Across British Columbia, there has been a clear shift away from evidence-based public health responses toward policies shaped by misinformation, disinformation, and moral panic. Narratives of “public safety” and “community disorder” are driving decision-making, reinforcing stigma and expanding criminalization.
The rollback of decriminalization, the failure to keep pace with an increasingly toxic and unpredictable drug supply, and the expansion of involuntary drug treatment all point in the same direction. Coercive interventions are being advanced under the language of compassion and urgency. Policy framing presents these measures as necessary responses to crisis conditions, positioning state control as care while diverting attention from structural drivers of harm.
Emergency rhetoric has also lowered the threshold for what is considered acceptable. Exceptional measures are normalized, while proven interventions—safer supply, harm reduction, voluntary care, housing, and social supports—remain stalled or politically deprioritized. The result is a policy environment that expands surveillance, coercion, and control, while preventable deaths continue.
This is not a knowledge gap. The evidence exists. The recommendations have been consistent for years. This is a failure of action. It also reflects a form of weaponized incompetence—a sustained refusal to implement evidence-based responses alongside the active advancement of policies known to produce harm.

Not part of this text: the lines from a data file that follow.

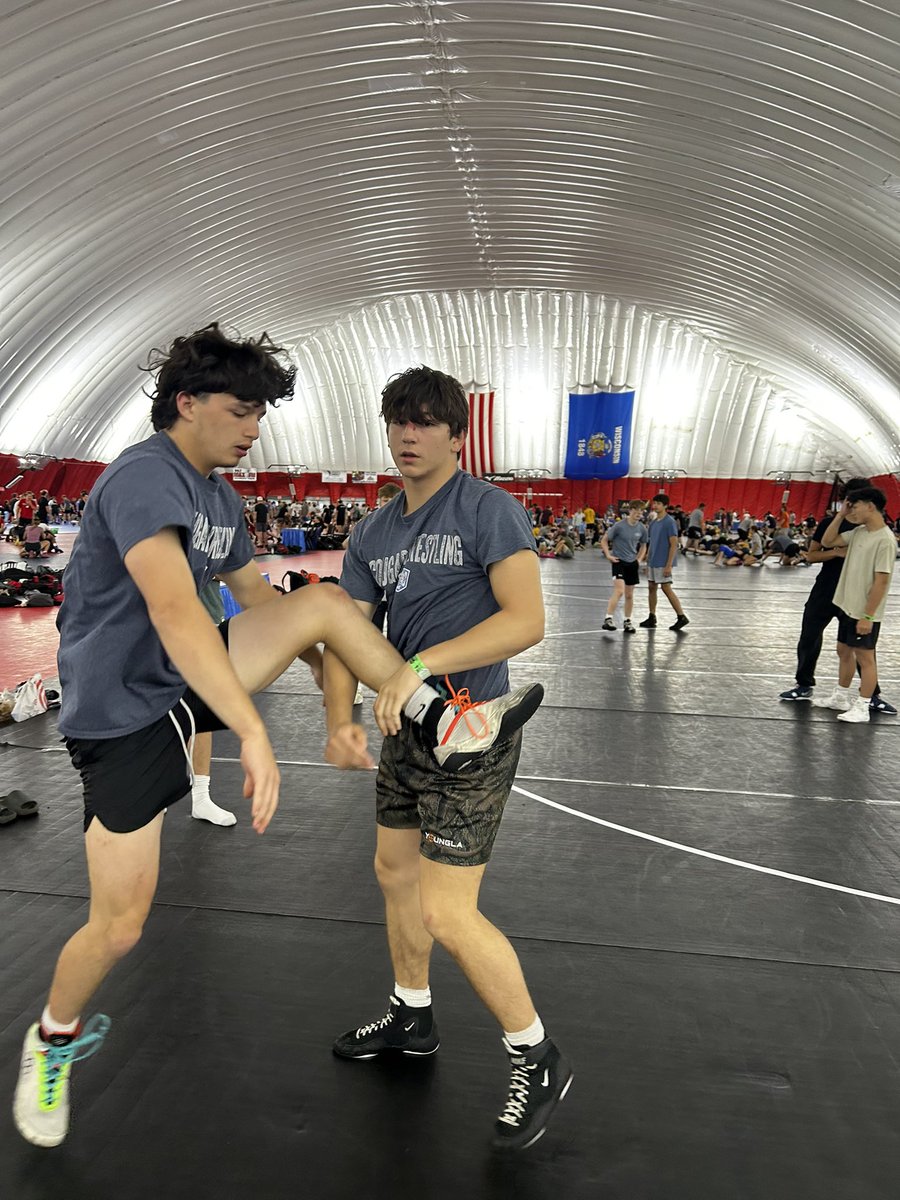 VHWrestling (@wrestlingvh) on Twitter photo Successful week up at <a href="/MalecekTeamCamp/">MalecekTeamCamp</a> Biggest group we’ve ever brought up there. We’re getting there! Proud of these kids for putting in the work! #CougarPride <a href="/VHHSAth/">VH Cougars</a> Successful week up at <a href="/MalecekTeamCamp/">MalecekTeamCamp</a> Biggest group we’ve ever brought up there. We’re getting there! Proud of these kids for putting in the work! #CougarPride <a href="/VHHSAth/">VH Cougars</a>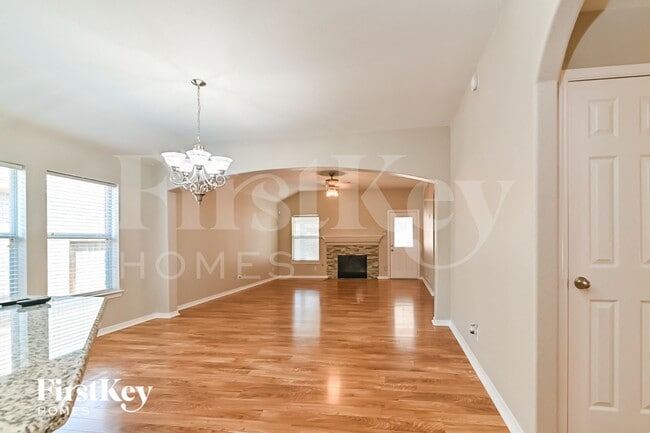 Photo - 9907 Clanton Pines Dr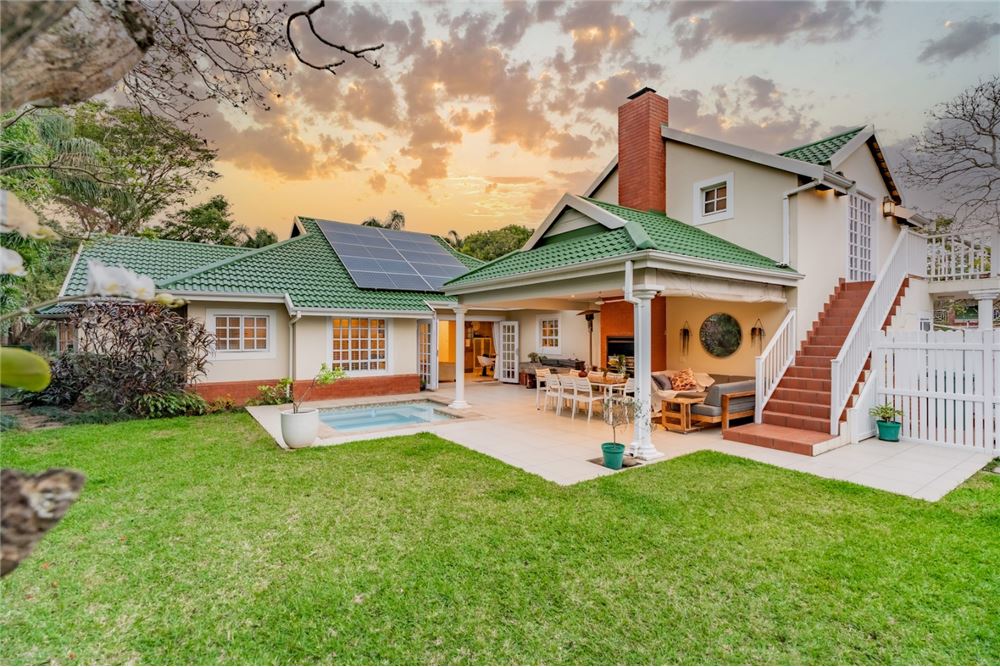 Residential - House - Mount Edgecombe Country Estate, KwaZulu Natal - South Africa - 16 - 1031465056-208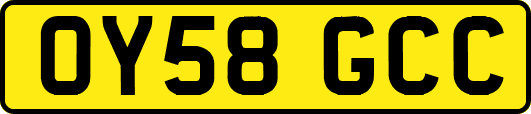 OY58GCC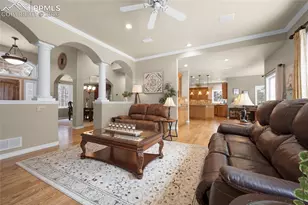 19665 Desparado Dr, Colorado Springs, CO 80908 - Photo 7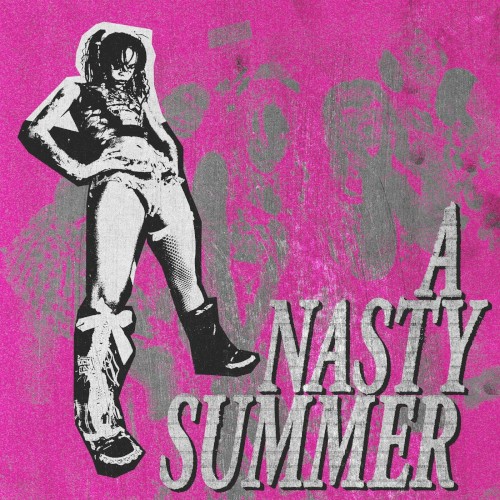 A Nasty Summer — Rico Nasty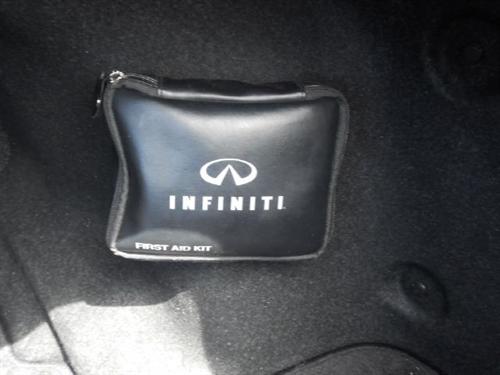 Infiniti G35 2007 photo 4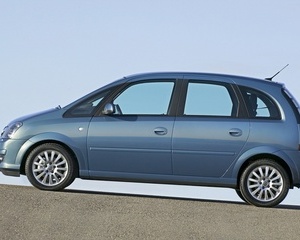 Meriva 1.4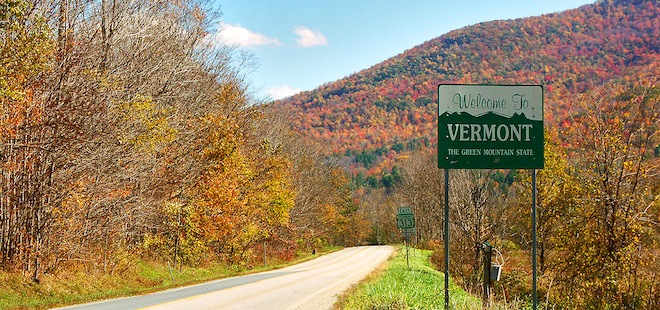 Vermont Beer Trip Prospectus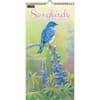 image Songbirds 2026 Vertical Wall Calendar Main Image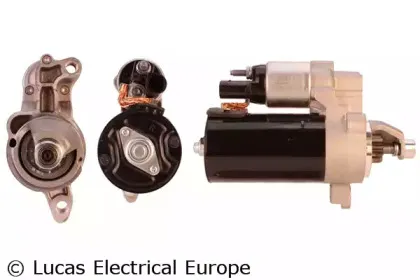 Стартер LUCAS ELECTRICAL купить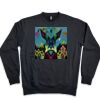 Thread Project Unisex Premium Sweatshirt Thumbnail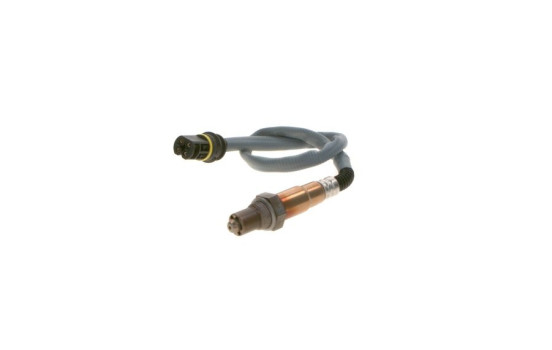 Sonde lambda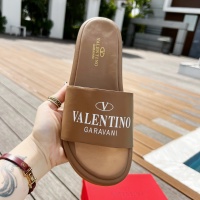 $80.00 USD Valentino Slippers For Women #960311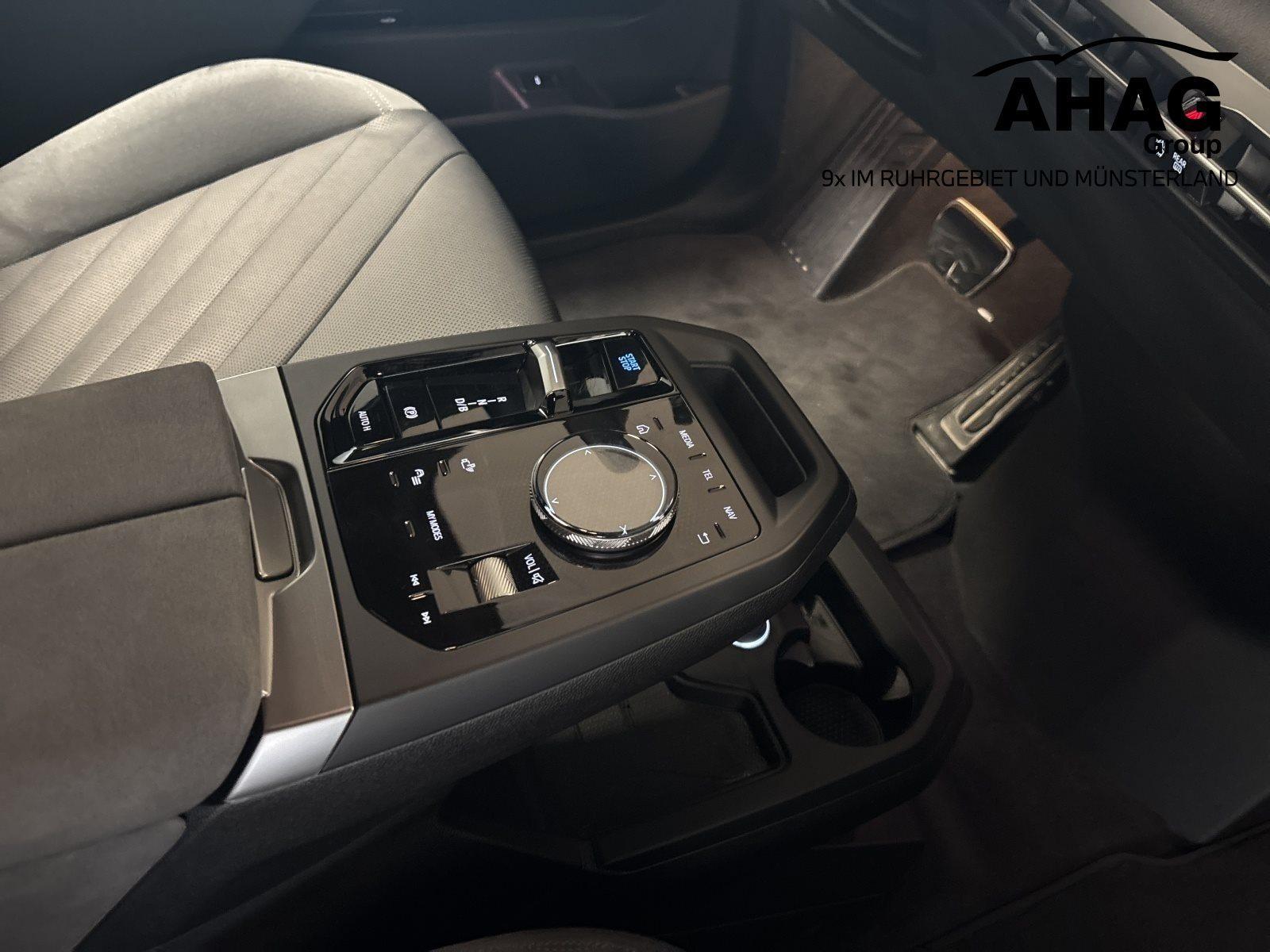 BMW iX – Bild 10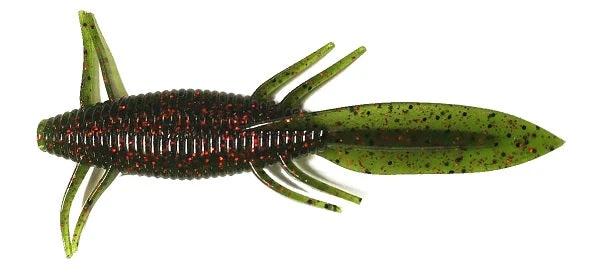 Yamamoto Creatures Sanshouo 12 Yamamoto Creatures Sanshouo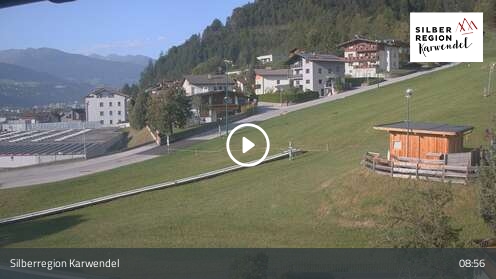 Burglift – Stans webcam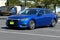 2019 Honda Insight Touring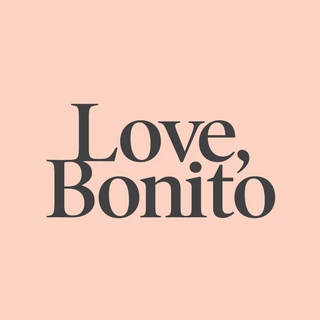 Love Bonito Promo Codes 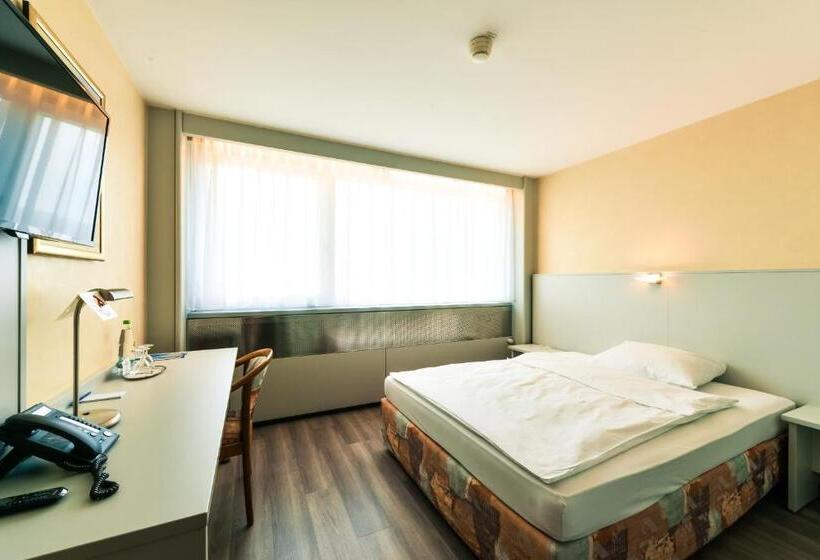 스탠다드 룸, City Hotel Heilbronn
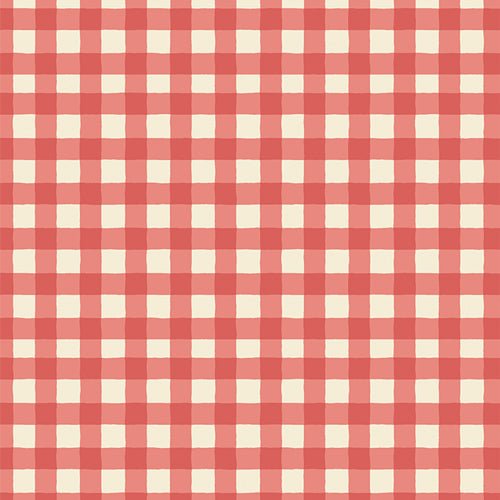 Storyteller Plaids 10 FQ Bundle - Art Gallery Fabrics - Easy Piecy Quilts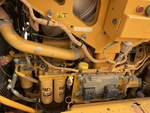 Rear Engine with 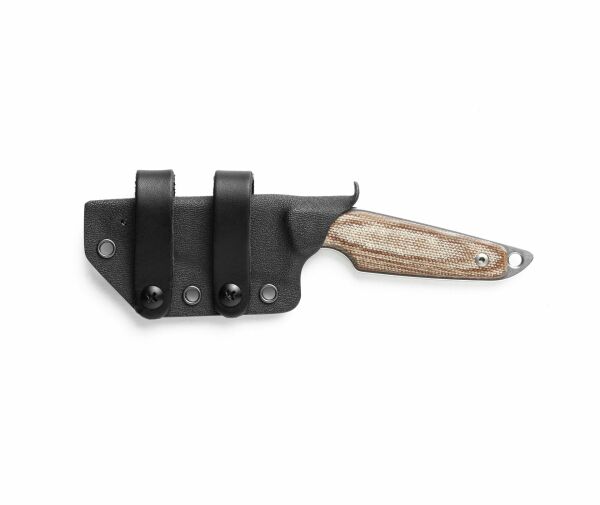 MK KSMA02 MKM Kydex Sheath Makro 2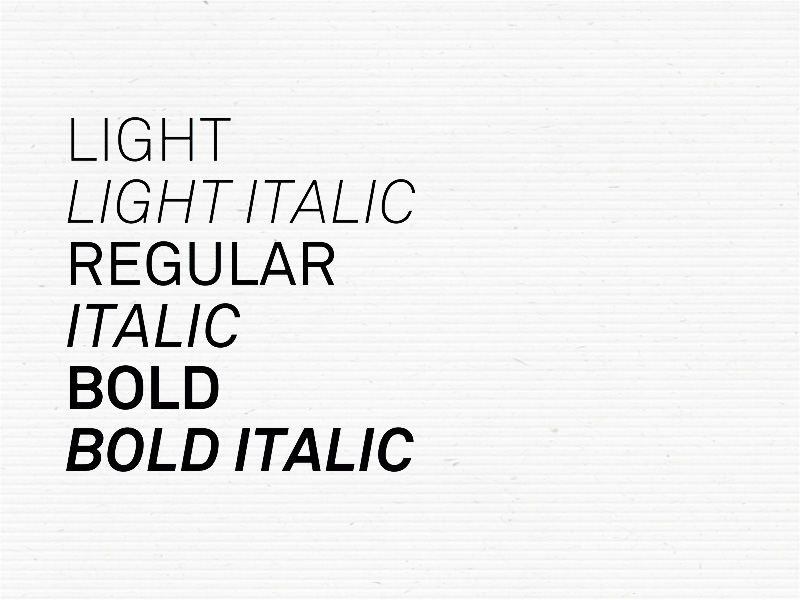 Fonts น่าใช้ ให้เท่ห์ได้ สไตล์สถาปนิก ที่โหลด ฟอนต์ ออกแบบ กราฟฟิค สถาปัตยกรรม typography typeface
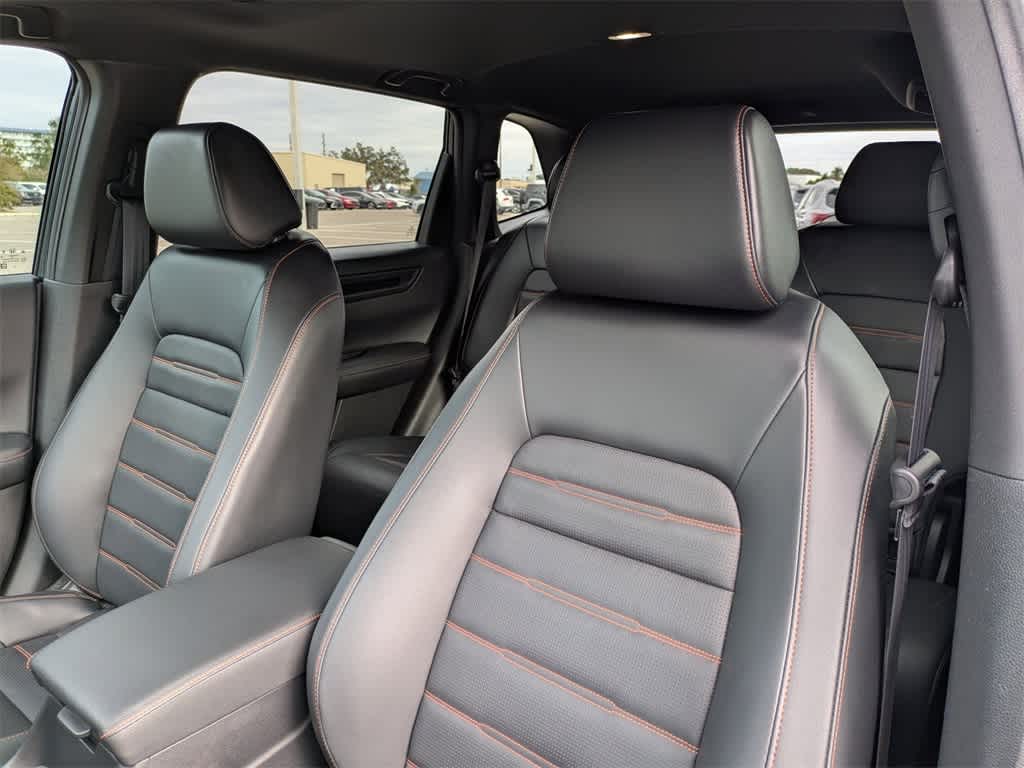 Thumbnail: 2024 Honda CR-V - 7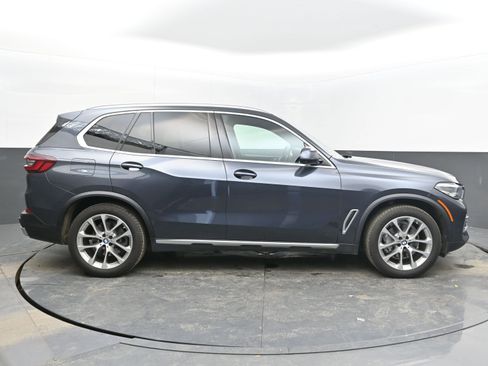 Used 2022 BMW X5 xDrive40i image 10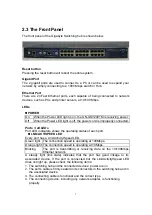 Предварительный просмотр 12 страницы Gigabyte GN-GSV2401M User Manual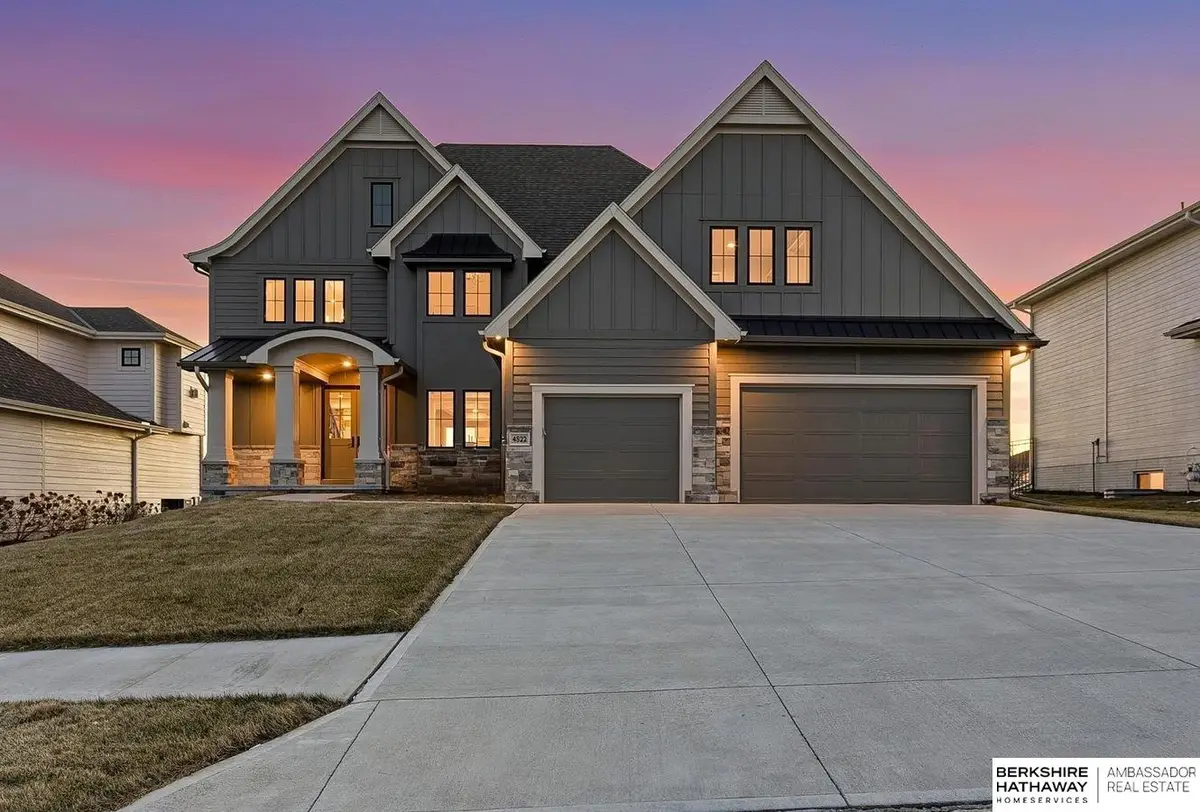 4222 S 218th Avenue, Elkhorn, NE 68022 - #1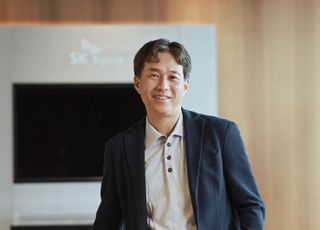 SK하이닉스 곽노정 "관세 여파에 하반기 변동성 확대 예상"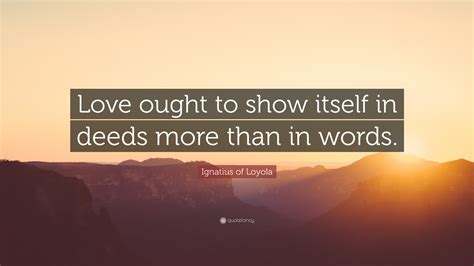 Ignatius of Loyola Quotes (83 wallpapers) - Quotefancy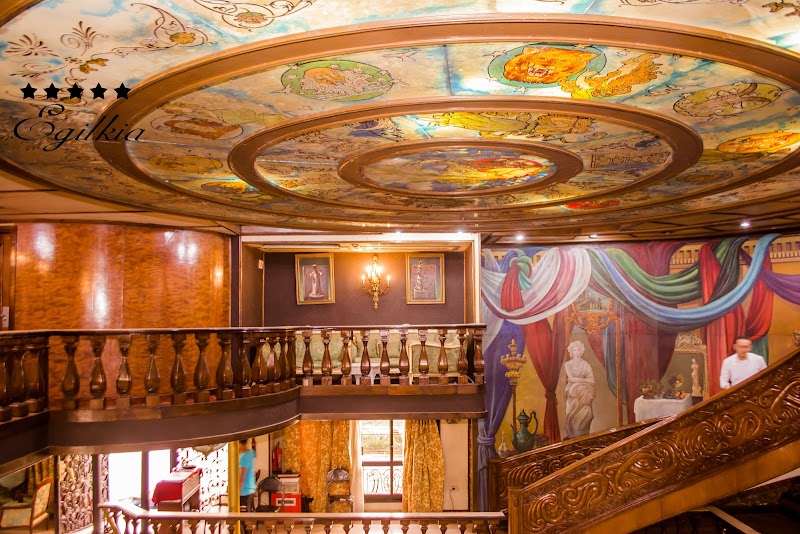 جولف اجيلكا نايل كروز Gulf Inn Hotel - Photo 1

Harm reduction is a core component of public health. When it is undermined, people die.
People who use drugs, families, and communities across this province continue to lead where governments have stalled. We stand with and echo demands emerging from people who use drugs and community-led movements across British Columbia:
- Preserve and expand harm reduction, including safer supply, low-barrier detox, and person-centered, culturally appropriate care that actually works.
- End the violent and discriminatory targeting, displacement, and criminalization of people who use drugs, Indigenous people, people with disabilities, and those who are unhoused.
- End drug prohibition and create a regulated system shaped by and for the people most impacted.
- Invest in dignified, non-market, community-controlled housing across the province.
(Learn more: druguserliberation.ca/warondrugscampaign)
Nurses work within these systems every day, and we see their limits clearly. We see what happens when people are left to navigate a poisoned drug supply with inadequate support. We also see the strength, care, and leadership of people who use drugs and the communities that continue to keep each other alive.
As nurses, we are accountable to the people we care for. That means speaking out when policy creates harm, and continuing to show up alongside communities even when governments and institutions fail to act. We will continue to provide care, to build trust, and to stand with those most impacted by this crisis.
Ten years into a declared emergency, this continued inaction is indefensible. Every day this crisis is normalized, more lives are lost.